Wednesday, February 14, 2007
Sandia Hacker Gets $4 Million
By Scott Sandlin
Copyright © 2007 Albuquerque Journal; Journal Staff Writer
A jury delivered a strong— and expensive— message to Sandia National Laboratories on Tuesday, awarding more than $4 million to a cybersecurity analyst who was fired after going "over the fence" to the FBI with information about national security breaches.
The 13-person state district court jury determined that Sandia's handling of Shawn Carpenter's termination was "malicious, willful, reckless, wanton, fraudulent or in bad faith."
"If they (Sandia) have an interest in protecting us, they certainly didn't show it with the way they handled Shawn," said juror Ed Dzienis, a television editor.
The verdict was a "clear and unambiguous" message to Sandia and other contractors "that the national security, and not the interest of the corporation, is and must always be their primary concern," Carpenter attorney Phil Davis said.

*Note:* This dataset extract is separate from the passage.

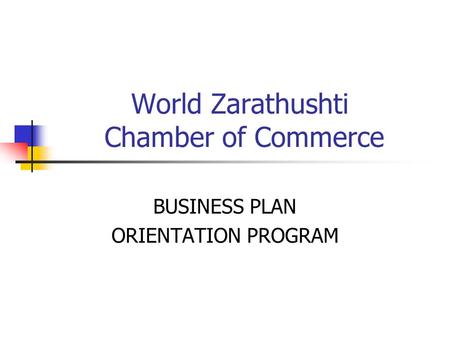 World Zarathushti Chamber of Commerce BUSINESS PLAN ORIENTATION PROGRAM.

Jurors awarded Carpenter $387,537 in lost wages, benefits and damages for emotional distress resulting from his January 2005 firing by Sandia Corp., which operates the lab.
But the jury's big message was in the punitive damages.

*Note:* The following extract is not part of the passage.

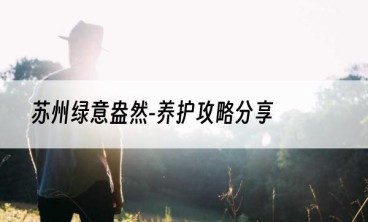 苏州绿意盎然-养护攻略分享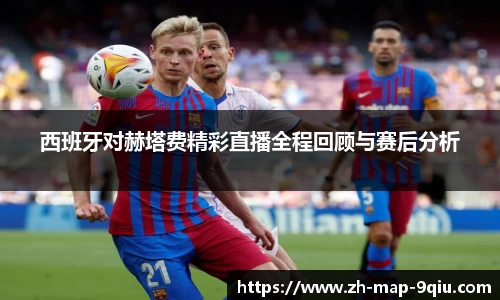 西班牙对赫塔费精彩直播全程回顾与赛后分析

Jurors, after hearing a week of testimony before Judge Linda Vanzi, more than doubled the $2 million requested by Carpenter attorneys Thad Guyer, Stephani Ayers and Davis.
Carpenter, whose job involved finding breaches in Sandia's computer networks, followed the trail of computer hackers around the globe in the latter half of 2004. His "backhacking" discovered stolen documents about troop movements, body armor and more, but he testified that his bosses told him to concern himself only with Sandia.
After agonizing discussions with his wife, then a Sandia researcher and later a White House fellow, he instead reached out almost immediately to the Army Research Laboratory. He eventually was passed to the FBI and shared his findings with that agency during a series of meetings, some of which he recorded.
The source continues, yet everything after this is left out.